Les causes du déplacement sont évidemment multiples et complexes, en Afrique comme ailleurs. À part les cas de catastrophes naturelles ou de déplacement induit par le développement, les causes profondes du déplacement sont généralement celles qui, précisément, ont déclenché, ou du moins contribué à déclencher, conflits armés ou situations de violence. La pauvreté, les conséquences du changement climatique, le manque de ressources, l’instabilité politique, ainsi que des systèmes de gouvernance et de justice fragiles, sont autant de catalyseurs possibles du déplacement induit par les conflits. Souvent, ces mêmes causes empêchent le retour des déplacés et rendent d’autant plus difficile la tâche de reconstruire la vie des personnes touchées par le déplacement et de rétablir leurs moyens de subsistance. 

Bien entendu, les causes et les conséquences – parfois écrasantes – du déplacement interne sont familières à nombre d’entre vous qui venez de pays ayant, dans certains cas, vécu de longues années de conflit armé et de déplacements de populations. Le Président Koroma, avec qui j’ai l’honneur de partager cette tribune, ne connaît que trop bien l’impact dévastateur et les conséquences à long terme d’un conflit armé qui, à un moment ou à un autre, a conduit au déracinement de nombre de ses concitoyens, plusieurs fois pour beaucoup d'entre eux. En même temps, les conflits armés et les situations de violence qui secouaient des pays voisins, le Libéria, la Guinée et la Côte d'Ivoire, ont créé dans la sous-région un contexte de déplacement extrêmement compliqué, tant interne que transfrontalier. Un nombre incalculable de personnes ont perdu leur foyer et leurs moyens de subsistance, des familles ont été dispersées, des communautés ont été détruites. Les effets de ces mouvements de population complexes et les souffrances infinies qu’ils causent persistent souvent bien après la fin des violences.

L’une des causes principales du déplacement forcé lié aux conflits armés reste indubitablement le non-respect du droit international humanitaire, et c’est là que le CICR, de par son mandat, a un rôle spécifique à jouer en rappelant à l’ensemble des parties à un conflit leurs obligations juridiques.
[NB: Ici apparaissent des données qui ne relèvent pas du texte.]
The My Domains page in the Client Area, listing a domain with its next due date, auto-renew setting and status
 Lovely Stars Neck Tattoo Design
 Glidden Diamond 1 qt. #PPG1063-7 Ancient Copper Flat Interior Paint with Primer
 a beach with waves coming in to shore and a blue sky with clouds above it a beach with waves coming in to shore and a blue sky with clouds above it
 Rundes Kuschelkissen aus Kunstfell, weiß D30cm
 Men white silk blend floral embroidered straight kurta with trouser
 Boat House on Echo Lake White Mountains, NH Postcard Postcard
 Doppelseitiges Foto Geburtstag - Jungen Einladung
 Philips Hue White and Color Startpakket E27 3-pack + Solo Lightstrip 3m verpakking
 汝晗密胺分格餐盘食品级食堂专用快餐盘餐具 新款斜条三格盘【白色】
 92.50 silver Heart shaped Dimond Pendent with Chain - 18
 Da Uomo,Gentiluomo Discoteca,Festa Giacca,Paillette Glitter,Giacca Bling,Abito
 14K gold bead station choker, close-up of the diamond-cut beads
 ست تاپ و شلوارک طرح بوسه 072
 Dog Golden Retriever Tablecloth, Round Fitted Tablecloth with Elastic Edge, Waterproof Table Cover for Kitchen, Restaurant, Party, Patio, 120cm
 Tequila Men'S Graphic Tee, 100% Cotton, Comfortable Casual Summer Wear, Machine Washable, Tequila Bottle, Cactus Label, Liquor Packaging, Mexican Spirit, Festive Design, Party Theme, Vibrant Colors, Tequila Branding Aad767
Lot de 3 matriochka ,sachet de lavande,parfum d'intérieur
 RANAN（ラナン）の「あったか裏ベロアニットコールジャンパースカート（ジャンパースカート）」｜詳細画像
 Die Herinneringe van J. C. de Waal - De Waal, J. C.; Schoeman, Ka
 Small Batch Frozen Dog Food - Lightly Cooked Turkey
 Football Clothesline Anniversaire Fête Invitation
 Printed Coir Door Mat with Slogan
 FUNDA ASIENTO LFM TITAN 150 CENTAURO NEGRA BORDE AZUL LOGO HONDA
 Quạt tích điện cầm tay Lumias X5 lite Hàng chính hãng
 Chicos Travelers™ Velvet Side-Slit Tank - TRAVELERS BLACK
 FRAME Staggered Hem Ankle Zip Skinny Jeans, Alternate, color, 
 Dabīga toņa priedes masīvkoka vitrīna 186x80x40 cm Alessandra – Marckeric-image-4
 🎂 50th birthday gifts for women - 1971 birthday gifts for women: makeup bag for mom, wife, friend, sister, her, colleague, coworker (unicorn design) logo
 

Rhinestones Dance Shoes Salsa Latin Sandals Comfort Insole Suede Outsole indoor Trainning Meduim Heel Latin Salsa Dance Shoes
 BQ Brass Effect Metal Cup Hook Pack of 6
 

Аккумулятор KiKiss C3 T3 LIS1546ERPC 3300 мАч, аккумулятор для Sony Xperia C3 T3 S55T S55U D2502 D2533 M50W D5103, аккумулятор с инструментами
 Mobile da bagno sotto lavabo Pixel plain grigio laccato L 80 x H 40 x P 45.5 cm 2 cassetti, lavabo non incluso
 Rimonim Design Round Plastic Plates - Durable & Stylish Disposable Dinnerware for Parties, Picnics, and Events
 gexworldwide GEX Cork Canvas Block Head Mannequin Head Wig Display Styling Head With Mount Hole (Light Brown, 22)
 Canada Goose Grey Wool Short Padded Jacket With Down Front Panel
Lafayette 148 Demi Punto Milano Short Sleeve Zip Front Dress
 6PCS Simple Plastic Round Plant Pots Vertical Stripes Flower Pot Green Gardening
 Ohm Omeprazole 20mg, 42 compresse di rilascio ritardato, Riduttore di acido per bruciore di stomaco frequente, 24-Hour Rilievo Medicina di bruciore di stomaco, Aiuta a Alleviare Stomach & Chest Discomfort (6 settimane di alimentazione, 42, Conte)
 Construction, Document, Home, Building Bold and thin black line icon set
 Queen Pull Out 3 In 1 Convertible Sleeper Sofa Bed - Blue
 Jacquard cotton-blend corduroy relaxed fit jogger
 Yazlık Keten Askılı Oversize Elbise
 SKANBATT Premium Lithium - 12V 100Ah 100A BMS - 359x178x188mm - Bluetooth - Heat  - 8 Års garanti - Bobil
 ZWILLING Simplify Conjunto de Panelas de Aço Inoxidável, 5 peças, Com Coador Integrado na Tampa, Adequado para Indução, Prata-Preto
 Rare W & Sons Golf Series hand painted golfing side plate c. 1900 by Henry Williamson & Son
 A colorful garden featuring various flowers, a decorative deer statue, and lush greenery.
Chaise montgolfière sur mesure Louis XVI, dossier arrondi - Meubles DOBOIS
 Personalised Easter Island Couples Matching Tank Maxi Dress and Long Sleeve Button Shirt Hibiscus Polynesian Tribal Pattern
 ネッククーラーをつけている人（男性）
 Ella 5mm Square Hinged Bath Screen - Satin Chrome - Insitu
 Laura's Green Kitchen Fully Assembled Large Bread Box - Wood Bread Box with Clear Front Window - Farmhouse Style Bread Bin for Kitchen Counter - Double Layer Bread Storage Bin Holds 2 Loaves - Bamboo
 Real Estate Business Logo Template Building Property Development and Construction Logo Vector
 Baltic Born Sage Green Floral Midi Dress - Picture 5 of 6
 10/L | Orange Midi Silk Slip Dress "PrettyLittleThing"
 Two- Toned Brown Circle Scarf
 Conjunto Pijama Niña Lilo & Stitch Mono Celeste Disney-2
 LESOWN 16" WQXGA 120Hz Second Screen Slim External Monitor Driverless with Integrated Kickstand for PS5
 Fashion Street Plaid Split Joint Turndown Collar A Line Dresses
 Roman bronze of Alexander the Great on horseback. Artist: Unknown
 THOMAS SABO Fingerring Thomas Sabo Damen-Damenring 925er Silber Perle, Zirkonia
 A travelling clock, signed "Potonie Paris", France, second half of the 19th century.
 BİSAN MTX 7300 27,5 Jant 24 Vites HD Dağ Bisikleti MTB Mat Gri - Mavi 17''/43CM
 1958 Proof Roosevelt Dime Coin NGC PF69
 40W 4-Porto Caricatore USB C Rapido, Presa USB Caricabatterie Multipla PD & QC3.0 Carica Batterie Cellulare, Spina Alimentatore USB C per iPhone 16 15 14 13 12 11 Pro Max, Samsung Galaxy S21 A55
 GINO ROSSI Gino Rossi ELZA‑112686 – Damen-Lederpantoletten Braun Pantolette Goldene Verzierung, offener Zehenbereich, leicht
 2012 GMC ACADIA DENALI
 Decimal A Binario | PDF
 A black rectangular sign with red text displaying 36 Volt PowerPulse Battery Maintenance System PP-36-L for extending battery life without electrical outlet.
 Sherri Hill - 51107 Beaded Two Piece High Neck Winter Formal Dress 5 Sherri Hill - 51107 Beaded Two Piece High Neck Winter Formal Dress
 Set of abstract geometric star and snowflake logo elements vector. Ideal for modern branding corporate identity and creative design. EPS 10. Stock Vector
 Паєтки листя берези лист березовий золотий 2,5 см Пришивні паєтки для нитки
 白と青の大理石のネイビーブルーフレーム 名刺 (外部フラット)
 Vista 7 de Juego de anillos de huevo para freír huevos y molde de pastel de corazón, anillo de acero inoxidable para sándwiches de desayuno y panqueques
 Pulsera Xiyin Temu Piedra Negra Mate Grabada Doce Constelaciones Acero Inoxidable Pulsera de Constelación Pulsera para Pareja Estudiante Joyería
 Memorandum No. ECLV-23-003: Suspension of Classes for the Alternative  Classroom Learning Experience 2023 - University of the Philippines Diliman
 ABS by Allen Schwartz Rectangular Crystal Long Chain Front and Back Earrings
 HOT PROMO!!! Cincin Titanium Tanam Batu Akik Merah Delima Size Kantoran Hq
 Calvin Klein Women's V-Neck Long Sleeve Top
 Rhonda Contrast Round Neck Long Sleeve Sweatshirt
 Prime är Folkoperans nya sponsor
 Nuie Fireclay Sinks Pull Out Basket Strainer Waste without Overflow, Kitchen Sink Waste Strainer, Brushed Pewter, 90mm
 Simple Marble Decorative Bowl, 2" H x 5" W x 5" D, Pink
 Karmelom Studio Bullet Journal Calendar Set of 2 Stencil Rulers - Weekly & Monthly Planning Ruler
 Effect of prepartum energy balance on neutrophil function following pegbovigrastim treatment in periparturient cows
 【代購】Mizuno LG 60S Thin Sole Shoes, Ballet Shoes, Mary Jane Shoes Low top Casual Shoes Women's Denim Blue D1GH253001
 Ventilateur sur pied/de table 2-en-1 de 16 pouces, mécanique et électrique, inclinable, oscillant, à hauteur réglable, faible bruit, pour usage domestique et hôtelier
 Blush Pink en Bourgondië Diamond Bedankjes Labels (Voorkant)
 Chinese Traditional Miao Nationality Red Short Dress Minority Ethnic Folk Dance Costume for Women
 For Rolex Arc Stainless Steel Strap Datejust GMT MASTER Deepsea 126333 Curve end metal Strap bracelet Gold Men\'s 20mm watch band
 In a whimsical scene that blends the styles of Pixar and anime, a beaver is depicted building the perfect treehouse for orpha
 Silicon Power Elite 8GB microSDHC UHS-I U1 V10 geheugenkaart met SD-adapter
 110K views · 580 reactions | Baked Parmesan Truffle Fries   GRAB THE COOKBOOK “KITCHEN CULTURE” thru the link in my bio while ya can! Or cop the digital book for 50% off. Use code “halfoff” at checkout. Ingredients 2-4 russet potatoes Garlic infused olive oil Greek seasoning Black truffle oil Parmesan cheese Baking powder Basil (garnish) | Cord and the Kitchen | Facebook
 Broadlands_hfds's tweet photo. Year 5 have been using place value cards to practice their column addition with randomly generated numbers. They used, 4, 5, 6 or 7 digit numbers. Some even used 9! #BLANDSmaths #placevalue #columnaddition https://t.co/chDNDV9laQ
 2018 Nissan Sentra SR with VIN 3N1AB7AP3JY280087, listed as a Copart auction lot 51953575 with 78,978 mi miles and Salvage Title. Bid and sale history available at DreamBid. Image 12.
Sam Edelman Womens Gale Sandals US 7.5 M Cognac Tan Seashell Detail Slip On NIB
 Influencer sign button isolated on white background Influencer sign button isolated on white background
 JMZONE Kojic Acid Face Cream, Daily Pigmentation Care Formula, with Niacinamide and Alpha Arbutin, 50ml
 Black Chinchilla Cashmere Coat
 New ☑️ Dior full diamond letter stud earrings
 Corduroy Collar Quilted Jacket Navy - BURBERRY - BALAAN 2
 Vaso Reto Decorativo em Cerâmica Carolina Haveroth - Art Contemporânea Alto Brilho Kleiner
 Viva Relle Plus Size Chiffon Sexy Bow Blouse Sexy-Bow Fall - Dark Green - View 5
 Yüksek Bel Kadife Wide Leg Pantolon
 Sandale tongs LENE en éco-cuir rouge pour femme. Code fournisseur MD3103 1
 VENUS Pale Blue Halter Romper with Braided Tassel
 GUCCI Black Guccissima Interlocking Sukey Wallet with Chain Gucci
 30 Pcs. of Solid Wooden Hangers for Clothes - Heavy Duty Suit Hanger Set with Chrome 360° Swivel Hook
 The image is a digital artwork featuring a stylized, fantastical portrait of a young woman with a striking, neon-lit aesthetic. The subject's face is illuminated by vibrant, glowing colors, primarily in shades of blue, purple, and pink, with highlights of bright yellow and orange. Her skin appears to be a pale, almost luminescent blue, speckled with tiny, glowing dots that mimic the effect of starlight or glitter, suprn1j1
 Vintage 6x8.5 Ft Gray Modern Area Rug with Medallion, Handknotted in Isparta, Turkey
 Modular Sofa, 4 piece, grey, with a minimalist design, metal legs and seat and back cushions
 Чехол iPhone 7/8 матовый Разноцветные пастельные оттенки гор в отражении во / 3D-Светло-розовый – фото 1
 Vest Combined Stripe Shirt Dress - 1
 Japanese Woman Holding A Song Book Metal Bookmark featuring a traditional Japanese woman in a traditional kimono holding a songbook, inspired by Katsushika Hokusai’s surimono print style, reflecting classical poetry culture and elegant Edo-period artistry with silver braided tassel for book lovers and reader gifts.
Les dispositions du droit humanitaire particulièrement pertinentes en la matière sont notamment l’interdiction de lancer des attaques contre les civils et les biens de caractère civil, de conduire des attaques indiscriminées, de faire subir à des civils la famine comme méthode de guerre, de détruire des biens indispensables à la survie de la population civile et d’exercer des représailles à l’encontre des civils et des biens de caractère civil. Souvent, la violation de ces règles par les parties à un conflit force les civils à fuir.

De plus, le droit humanitaire interdit expressément aux parties à un conflit d’obliger des civils à partir de chez eux, et offre aux personnes déplacées la même protection contre les effets des hostilités, ainsi que la même assistance, qu’au reste de la population civile. Les États et toute autre partie à un conflit ont l’obligation de permettre le libre passage des secours et la fourniture de l’assistance nécessaire à la survie de tous les civils, qu’ils soient ou non déplacés.

Ainsi, en toute logique, si ces règles étaient mieux respectées, on pourrait bel et bien éviter dans une large mesure qu'il y ait des déplacements internes. Il ne fait aucun doute que mieux vaut prévenir que guérir. Pourtant, assurer un plus grand respect du droit international humanitaire constitue un défi permanent.

La nouvelle convention relative aux personnes déplacées contient de nombreuses dispositions importantes relevant du droit international humanitaire, qui engagent tant les États que les acteurs non étatiques. Non seulement elle prévoit l’obligation de protéger les personne s déplacées et de leur fournir une assistance, mais elle comprend également des dispositions visant à prévenir le déplacement forcé et interdisant clairement le déplacement arbitraire, qui est une infraction au droit humanitaire. 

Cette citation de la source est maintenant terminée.